By Walden Bello
It was cool and sunny when we set out early this morning to meet with students at Baghdad University. As it has been over the last few days that
we have been here, the city appeared to be going about its business in the usual fashion. Some sandbags have been placed on some streetcorners and in front of some government buildings, but this city is not physically on war footing.
At the College of English, it is most definitely springtime. Coeds are chattering cheerily and they smile as we pass. “We are intent on finishing
the syllabus, war or no war,” says Professor Abdul Jaafar Jawad. He tells us that during the Gulf War of 1991, he was discussing a doctoral
dissertation with a student while American and British warplanes were bombing Baghdad. Jawad’s determination to carry on despite the the approach of war is shared by the students at his department. Students at a class on Shakespeare are discussing Romeo and Juliet when we interrupt them. No, they say, they don’t mind answering some questions from the Asian Peace Mission.
They are carrying on with Shakespeare, but their answers show that morally they are on war footing.
What to they think of George Bush? “He is like Tybalt, clumsy and ill-intentioned,” says a young woman in near perfect English.
What do they think about Bush’s promise to liberate them? Another coed answers, “We’ve been invaded by many armies for thousands of years, and those who wanted to conquer us always said they wanted to liberate us.”
What if war comes, how would they feel? Another says, “We may not be physically strong, but we have faith, and that is what will beat the
Americans.”
A young professor tells me, “I love teaching, but I will fight if the Americans come.”
These are not a programmed people. Saddam Hussein’s portrait may be everywhere, but there are not programmed answers. In fact, we have hardly encountered any programmed responses from anybody here in the last few days.
Youth and spring are a heady brew on this campus, and it is sadness that we all feel as we speed away, for some of those lives will be lost in
the coming war.
As one passes over one of the bridges spanning the Tigris River, one remembers the question posed by Dr. Jawad: “Why would today’s most powerful industrial country wish to destroy a land that gave birth to the world’s most ancient civilization?” It is a question that no one in our delegation can really answer. Control of the world’s second biggest oil reserves is a convenient answer, but it is incomplete. Strategic reasons are important but also incomplete. A fundamentalism that grips the Bush clique is operatiive, too, but there is something more, and that is power that is in love with itself and seeking to express that deadly self-love.

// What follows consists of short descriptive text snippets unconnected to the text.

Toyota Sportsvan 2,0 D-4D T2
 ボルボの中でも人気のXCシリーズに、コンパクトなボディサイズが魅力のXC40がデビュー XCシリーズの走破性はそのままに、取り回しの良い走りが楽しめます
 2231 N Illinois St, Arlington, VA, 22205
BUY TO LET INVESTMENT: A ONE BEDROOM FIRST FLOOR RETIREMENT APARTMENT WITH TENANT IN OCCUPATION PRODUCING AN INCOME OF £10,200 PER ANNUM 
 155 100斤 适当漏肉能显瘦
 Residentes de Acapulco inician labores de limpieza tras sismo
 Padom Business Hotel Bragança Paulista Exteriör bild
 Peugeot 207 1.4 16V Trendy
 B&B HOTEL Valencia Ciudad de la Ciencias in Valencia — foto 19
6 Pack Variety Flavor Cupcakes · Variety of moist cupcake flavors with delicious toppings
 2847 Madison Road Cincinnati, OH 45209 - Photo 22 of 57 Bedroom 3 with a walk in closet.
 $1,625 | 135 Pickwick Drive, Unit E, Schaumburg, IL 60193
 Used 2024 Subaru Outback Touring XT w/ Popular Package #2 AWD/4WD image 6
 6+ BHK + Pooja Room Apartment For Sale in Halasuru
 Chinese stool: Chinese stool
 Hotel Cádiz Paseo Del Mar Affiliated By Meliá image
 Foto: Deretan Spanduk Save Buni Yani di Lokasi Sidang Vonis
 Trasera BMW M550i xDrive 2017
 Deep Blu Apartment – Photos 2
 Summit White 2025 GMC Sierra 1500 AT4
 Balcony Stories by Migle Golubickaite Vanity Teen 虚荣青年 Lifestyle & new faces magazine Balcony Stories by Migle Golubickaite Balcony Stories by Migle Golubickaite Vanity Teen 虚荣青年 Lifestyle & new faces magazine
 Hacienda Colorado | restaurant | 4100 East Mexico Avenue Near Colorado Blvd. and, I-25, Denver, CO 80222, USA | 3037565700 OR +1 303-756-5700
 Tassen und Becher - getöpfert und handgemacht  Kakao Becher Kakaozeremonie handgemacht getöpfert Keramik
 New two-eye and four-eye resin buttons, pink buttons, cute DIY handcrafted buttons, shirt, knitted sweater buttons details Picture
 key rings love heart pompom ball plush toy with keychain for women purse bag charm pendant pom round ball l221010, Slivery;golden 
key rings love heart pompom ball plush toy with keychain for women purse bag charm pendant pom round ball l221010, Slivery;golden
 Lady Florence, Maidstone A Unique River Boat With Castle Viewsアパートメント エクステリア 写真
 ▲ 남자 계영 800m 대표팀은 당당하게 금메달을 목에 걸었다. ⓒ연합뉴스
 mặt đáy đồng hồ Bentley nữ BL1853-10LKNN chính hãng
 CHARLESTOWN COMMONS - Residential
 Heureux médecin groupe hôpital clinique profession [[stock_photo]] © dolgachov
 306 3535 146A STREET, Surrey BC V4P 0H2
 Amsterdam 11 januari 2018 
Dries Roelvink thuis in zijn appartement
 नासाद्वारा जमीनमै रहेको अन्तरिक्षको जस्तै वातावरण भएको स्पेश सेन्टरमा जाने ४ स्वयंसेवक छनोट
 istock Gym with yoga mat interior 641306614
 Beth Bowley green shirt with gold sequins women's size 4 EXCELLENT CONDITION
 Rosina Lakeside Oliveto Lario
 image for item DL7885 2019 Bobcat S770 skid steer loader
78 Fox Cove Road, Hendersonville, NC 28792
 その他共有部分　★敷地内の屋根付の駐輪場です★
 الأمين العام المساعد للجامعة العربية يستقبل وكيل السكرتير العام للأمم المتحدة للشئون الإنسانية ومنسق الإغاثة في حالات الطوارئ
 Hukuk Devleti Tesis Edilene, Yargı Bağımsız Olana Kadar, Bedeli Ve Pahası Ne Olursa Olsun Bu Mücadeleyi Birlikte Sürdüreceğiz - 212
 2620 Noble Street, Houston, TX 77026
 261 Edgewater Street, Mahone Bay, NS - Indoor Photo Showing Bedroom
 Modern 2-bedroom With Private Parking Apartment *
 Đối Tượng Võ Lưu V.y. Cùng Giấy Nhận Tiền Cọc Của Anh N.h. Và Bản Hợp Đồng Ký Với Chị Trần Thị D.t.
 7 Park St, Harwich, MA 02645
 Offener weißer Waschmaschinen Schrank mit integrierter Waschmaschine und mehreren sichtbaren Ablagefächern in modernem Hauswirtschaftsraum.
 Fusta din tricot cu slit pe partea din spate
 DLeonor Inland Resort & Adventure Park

An American journalist I meet at the press center says the people are carrying on as usual because they are in deep denial of the power that will
soon be inflicted on them. I wish he had been with us when we visited the campus earlier in the day, to see the toughness beneath the surface of those young men and women of Baghdad University. Like most of the Iraqi we have met over the last few days, they are prepared for the worst, but they are determined not to make the worst ruin their daily lives.
Tomorrow afternoon, March 17, the date of the American ultimatum for Iraq to disarm or face war, we in the Asian Peace Mission will be traveling by land on two vans flying the Philippine flag to the border with Syria. Dita Sari, the labor leader from Indonesia, was offered a ride to the border this evening by the Indonesian ambassador, who was very concerned about her safety. She refused, saying she would leave only when the mission left. We are leaving late and cutting it close because all of us–Dita, Philippine legislators Etta Rosales and Husin Amin, Pakistani MP Zulfikar Gondal, Focus on the Global South associate Herbert Docena, our reporter and cameraman Jim Libiran and Ariel Fulgado, and myself–feel the same compulsion: we want to be with the Iraqi people as long as possible.